Au centre des revendications figure la révision du dispositif de bourses engagée par le Ministère de l’Enseignement supérieur, de la Recherche et de l’Innovation (MESRI). Début février, un atelier a été organisé afin de revoir le cadre légal encadrant l’attribution des bourses, notamment le décret de 2014. Les autorités expliquent vouloir adapter le système aux réalités actuelles, renforcer la transparence et mieux aligner le paiement des allocations sur le calendrier académique.

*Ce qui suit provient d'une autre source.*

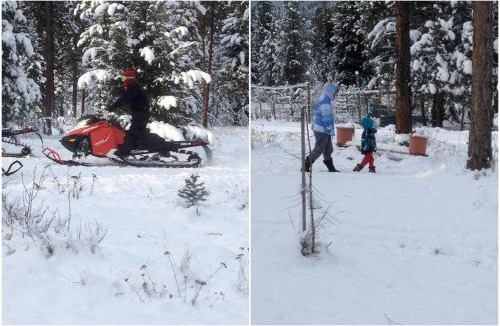 Superior House | Romantic Log Cabin Rental with Forest Views near Missoula, Montana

Toutefois, l’annonce de changements dans les modalités de versement a provoqué une vive réaction chez les étudiants. La suppression envisagée des rappels de bourses, versés en cas de retard de paiement, est perçue comme une menace directe pour de nombreux boursiers. Selon eux, ces rappels constituent souvent une compensation indispensable face aux retards fréquents et leur disparition risquerait d’aggraver leurs difficultés financières.
À cette contestation s’ajoute la fermeture des restaurants universitaires du Camp social, qui prive de nombreux étudiants d’un accès régulier à des repas subventionnés. Pour beaucoup, ces structures représentent un soutien vital dans un contexte de hausse du coût de la vie. Leur fermeture alimente un profond sentiment d’abandon et renforce la mobilisation sur le campus.
La Fédération nationale des étudiants du Sénégal (FNES) dénonce une dégradation continue des conditions sociales des étudiants et appelle les autorités à prendre des mesures urgentes. De son côté, le ministère assure que la réforme n’a pas pour objectif de réduire les droits des étudiants et se dit disposé à engager le dialogue afin de trouver des solutions consensuelles.
En attendant, la grève se poursuit à l’UCAD, laissant planer l’incertitude sur la suite de l’année universitaire si aucun compromis n’est rapidement trouvé.